Und seitdem es keine Sowjetunion gibt, gibt es auch keinen Fürsprecher der Polisario mehr. Ein bisschen steht Algerien dahinter, die machen so einen Stellvertreterkrieg oder eine Stellvertreterauseinandersetzung mit Marokko, aber es passiert nicht viel. Grundsätzlich ist aber auch, glaube ich, Marokko nicht mehr sehr glücklich mit der Situation, weil sie keine Investoren in dieses Gebiet bekommen, solange dort nicht ein klarer rechtlicher Zustand herrscht. Laut UN ist ja das Gebiet das letzte nicht entkolonialisierte Gebiet der Welt.
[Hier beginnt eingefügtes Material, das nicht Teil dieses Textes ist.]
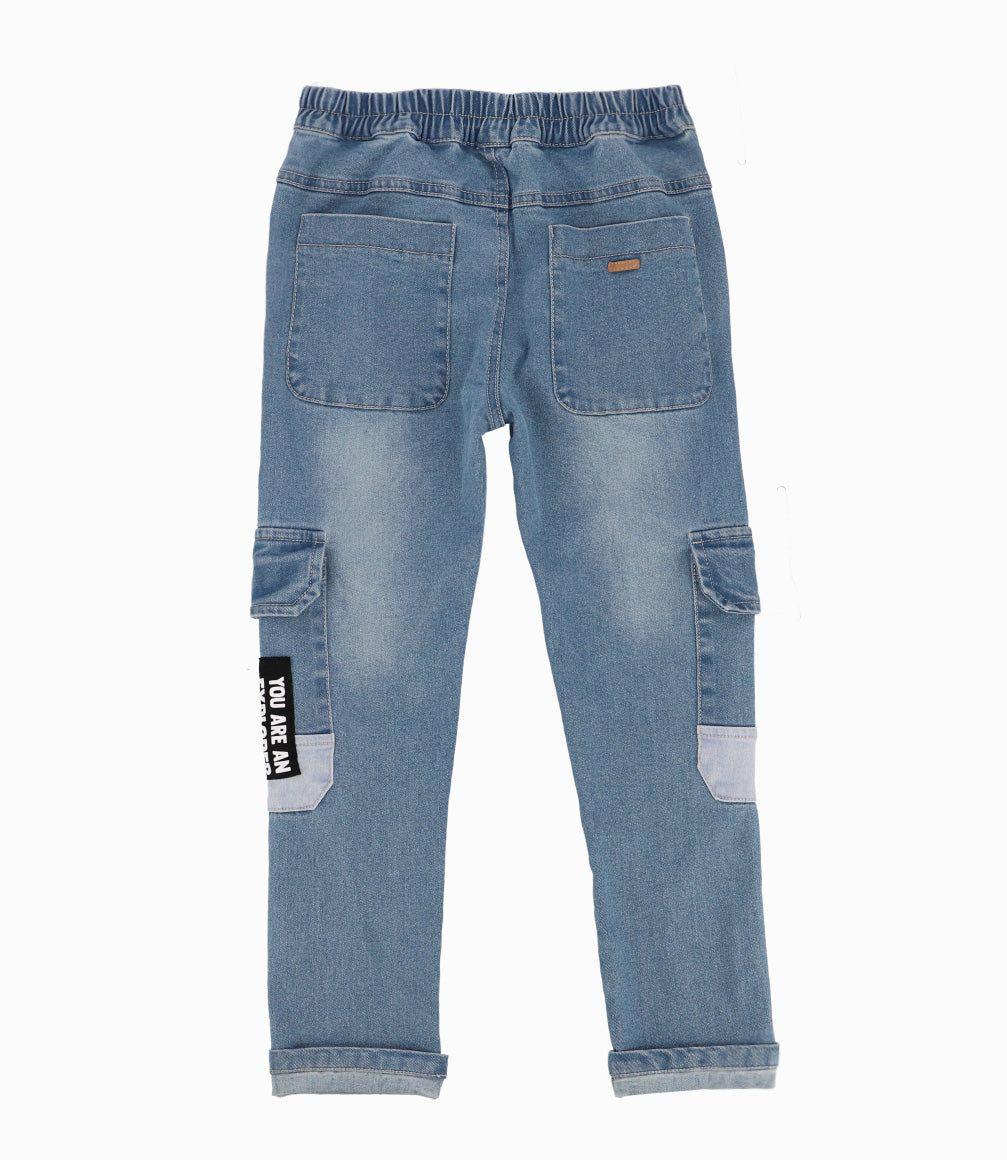Jeans Niño Con Bolsillos Cargo Denim Celeste-2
Timm: Wenn es denn dort seit 20 Jahren keine Lösung gibt, keinen Fortschritt, Stillstand, dann verschwenden ja alle Leute miteinander ihre Kraft, ihr Geld, ihre Zeit, ihre Lebenszeit, weil sich nichts tut. Sie haben es nun konkret erlebt: Wäre denn irgendwas der erste Schritt in die richtige Richtung, was könnte das denn überhaupt sein?
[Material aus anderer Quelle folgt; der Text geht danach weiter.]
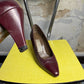 Vintage 80s / 90s Balenciaga Classic Leather Court Pump Heels Bordeaux - 37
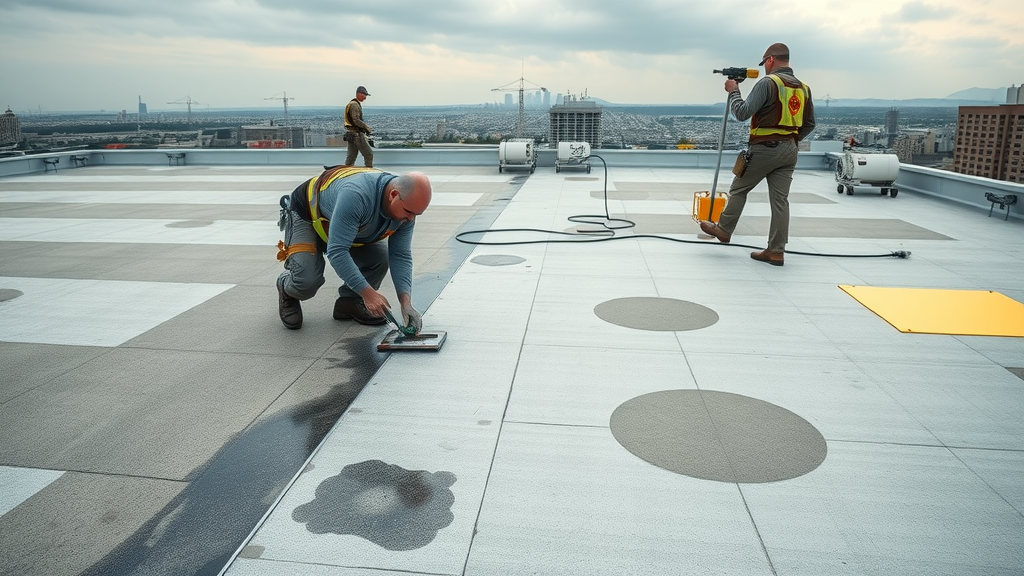 Professional flat roof repairs team sealing leaks for leak prevention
May: Das ist sehr schwierig. Mir ist nur eines aufgefallen, und das macht das Ganze so traurig. Ich habe wieder erlebt, wie zahnlos eigentlich die Vereinten Nationen sind. Sie haben letztlich keine Macht, sie können nur vermitteln, sie können versuchen zu vermitteln, aber wenn jemand auf der einen oder beide Seiten nicht bereit sind, etwas zu akzeptieren oder etwas weiterzubringen, dann ist das ein Status quo, der weitergeführt wird.
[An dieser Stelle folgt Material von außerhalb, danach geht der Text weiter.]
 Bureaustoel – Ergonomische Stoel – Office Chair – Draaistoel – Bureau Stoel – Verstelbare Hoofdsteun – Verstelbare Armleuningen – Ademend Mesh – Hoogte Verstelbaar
Und das Einzige, das sich die UN an den Hut stecken können, ist, dass sie sagen, es war jetzt 20 Jahre dort Frieden, es hat ja dort wirklich ein sehr grausamer Krieg geherrscht, ein Guerillakrieg der Polisario gegen den Besatzer Marokko, der Marokko ja sehr viel gekostet hat täglich. Und dort ist zumindest jetzt ein friedlicher Zustand.

Aber irgendwann werden beide Seiten von sich aus etwas tun müssen, das wird wahrscheinlich nicht mehr 20 Jahre dauern, aber es wird irgendwann einmal so weit sein. Die Polisario ist auch heute ein Verein von eher älteren Herrn geworden, das ist nicht mehr die bis an die Zähne bewaffnete Guerillaarmee, die haben noch immer die alten sowjetischen Waffen, die mit der Zeit auseinanderfallen – also auch die Zeit selbst wird dafür arbeiten, dass es zu einer Lösung kommt, aus den Konfliktparteien selbst heraus.

Timm: Stefan May zieht ein ernüchterndes Fazit aus 20 Jahren UN-Einsatz in der Westsahara. Er hat dort ein Jahr lang als Militärbeobachter der UNO bei der Mission MINURSO gearbeitet.